What you need to do:
Begin at the line containing "The ASM200 sieve" in the records below, end at the line containing "The graduated scale", and retype each line in that span exactly. No other line and no image should appear.

Data listing:

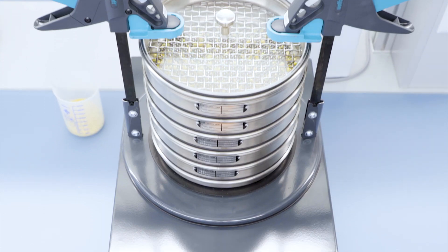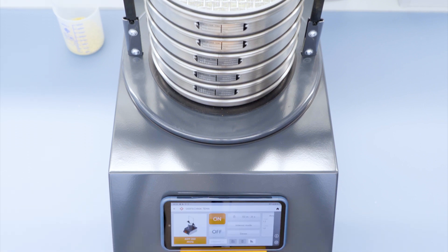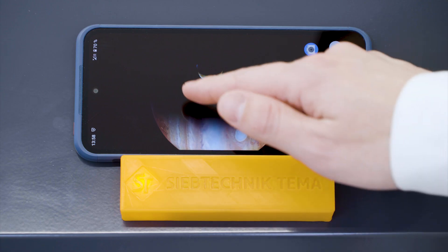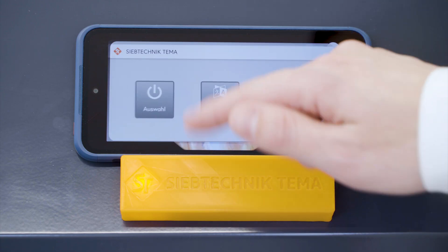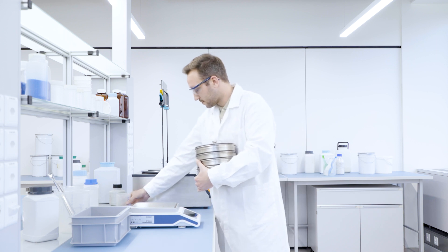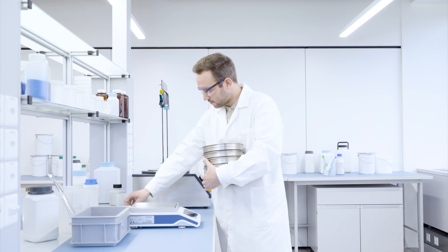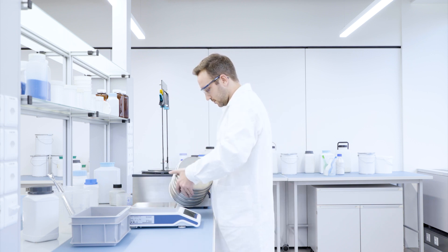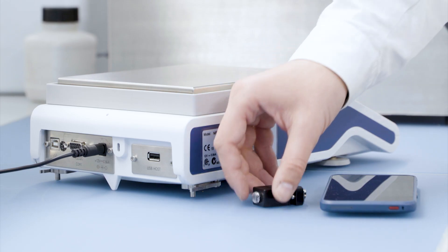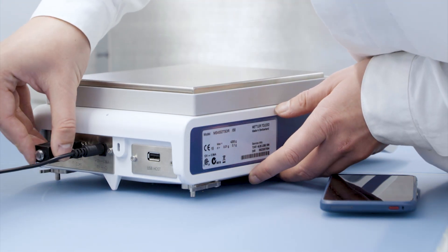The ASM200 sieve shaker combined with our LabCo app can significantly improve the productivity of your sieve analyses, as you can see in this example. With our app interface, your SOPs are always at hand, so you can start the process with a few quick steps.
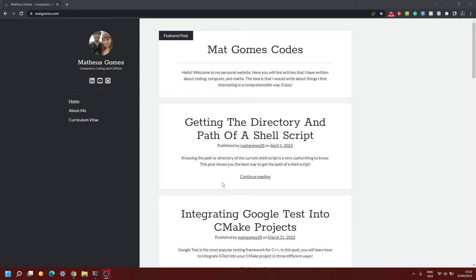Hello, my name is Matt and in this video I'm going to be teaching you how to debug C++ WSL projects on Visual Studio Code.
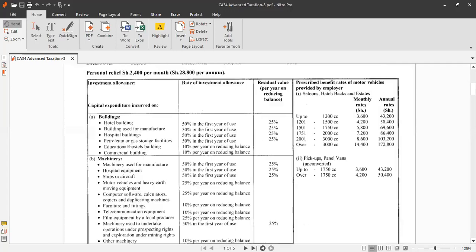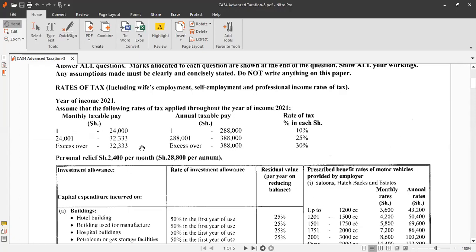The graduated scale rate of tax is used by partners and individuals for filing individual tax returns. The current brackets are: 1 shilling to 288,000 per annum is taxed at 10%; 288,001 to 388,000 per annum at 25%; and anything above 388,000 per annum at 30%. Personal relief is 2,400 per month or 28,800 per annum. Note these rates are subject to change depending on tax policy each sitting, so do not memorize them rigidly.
* * *
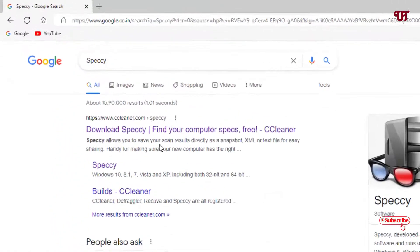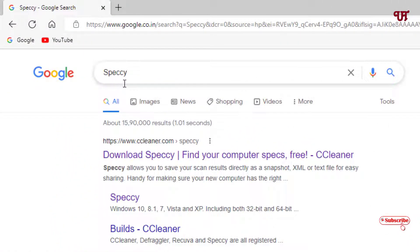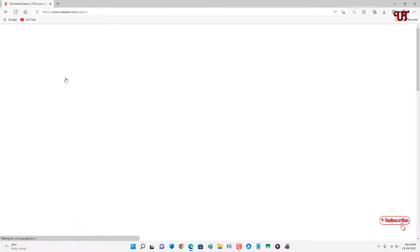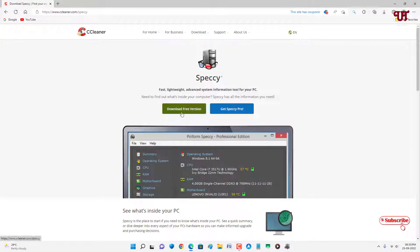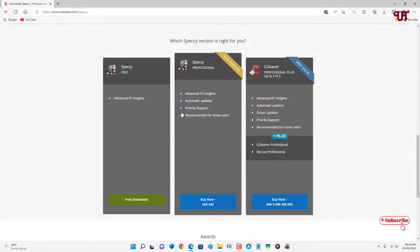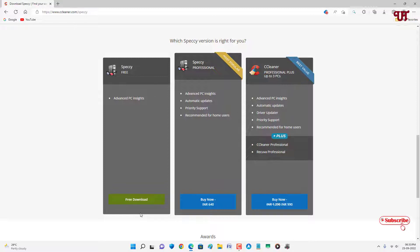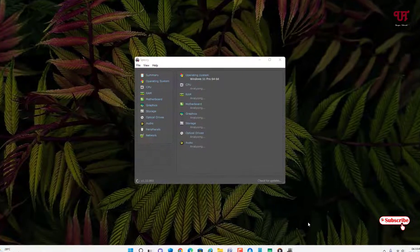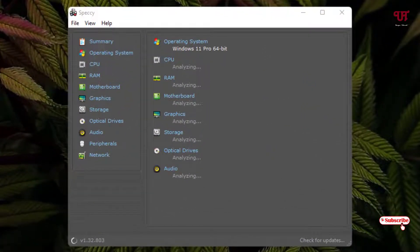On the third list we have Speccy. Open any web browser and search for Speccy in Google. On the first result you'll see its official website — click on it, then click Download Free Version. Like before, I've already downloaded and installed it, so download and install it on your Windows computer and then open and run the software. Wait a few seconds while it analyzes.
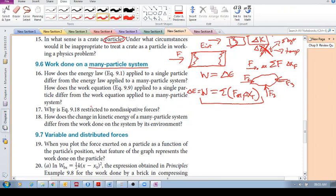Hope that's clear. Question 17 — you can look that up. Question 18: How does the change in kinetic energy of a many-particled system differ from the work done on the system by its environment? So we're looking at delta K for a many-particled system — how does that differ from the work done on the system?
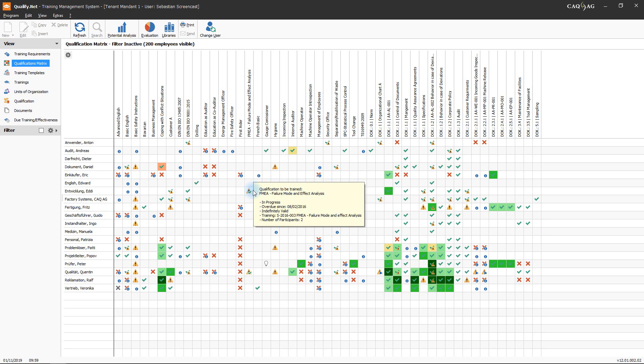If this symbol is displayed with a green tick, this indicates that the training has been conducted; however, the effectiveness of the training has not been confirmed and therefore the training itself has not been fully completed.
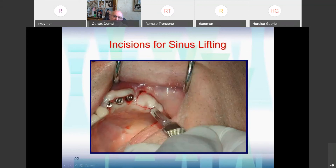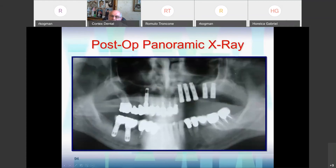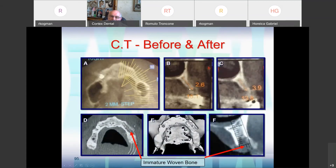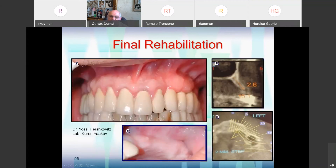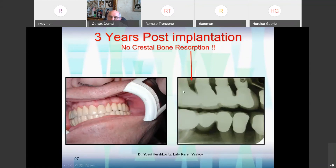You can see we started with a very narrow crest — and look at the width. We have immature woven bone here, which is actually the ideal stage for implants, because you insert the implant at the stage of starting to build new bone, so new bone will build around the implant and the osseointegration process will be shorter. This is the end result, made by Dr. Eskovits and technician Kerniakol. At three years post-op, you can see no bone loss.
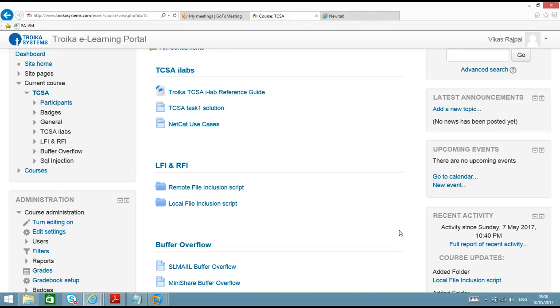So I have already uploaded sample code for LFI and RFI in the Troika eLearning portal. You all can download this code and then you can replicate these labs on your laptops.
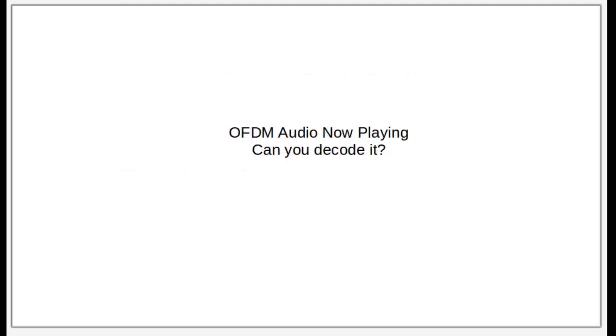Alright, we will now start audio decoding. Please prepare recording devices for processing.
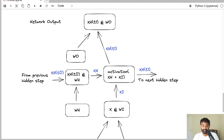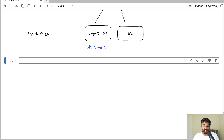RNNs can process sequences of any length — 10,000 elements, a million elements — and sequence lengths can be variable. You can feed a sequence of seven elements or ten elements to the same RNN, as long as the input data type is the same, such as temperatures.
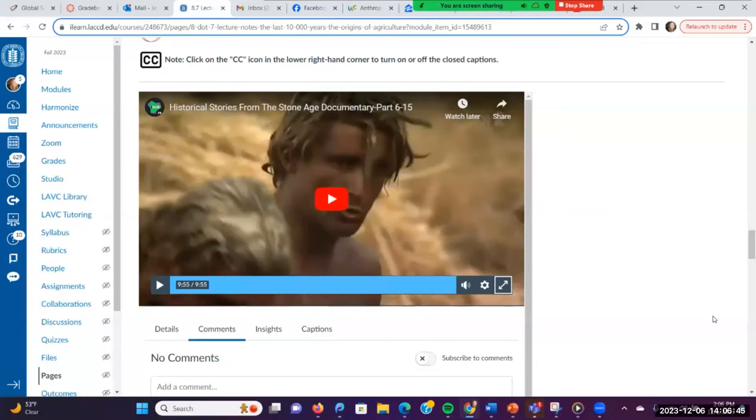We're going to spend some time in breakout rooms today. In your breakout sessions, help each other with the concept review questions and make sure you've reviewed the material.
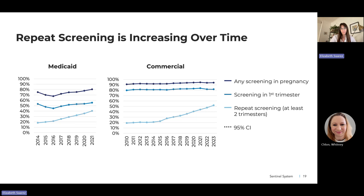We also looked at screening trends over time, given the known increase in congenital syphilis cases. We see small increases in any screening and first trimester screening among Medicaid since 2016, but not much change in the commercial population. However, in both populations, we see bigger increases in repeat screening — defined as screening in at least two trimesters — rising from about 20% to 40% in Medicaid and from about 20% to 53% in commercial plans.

Response:
The ASM200 sieve shaker combined with our LabCo app can significantly improve the productivity of your sieve analyses, as you can see in this example. With our app interface, your SOPs are always at hand, so you can start the process with a few quick steps.
Hello, my name is Matt and in this video I'm going to be teaching you how to debug C++ WSL projects on Visual Studio Code.
The graduated scale rate of tax is used by partners and individuals for filing individual tax returns. The current brackets are: 1 shilling to 288,000 per annum is taxed at 10%; 288,001 to 388,000 per annum at 25%; and anything above 388,000 per annum at 30%. Personal relief is 2,400 per month or 28,800 per annum. Note these rates are subject to change depending on tax policy each sitting, so do not memorize them rigidly.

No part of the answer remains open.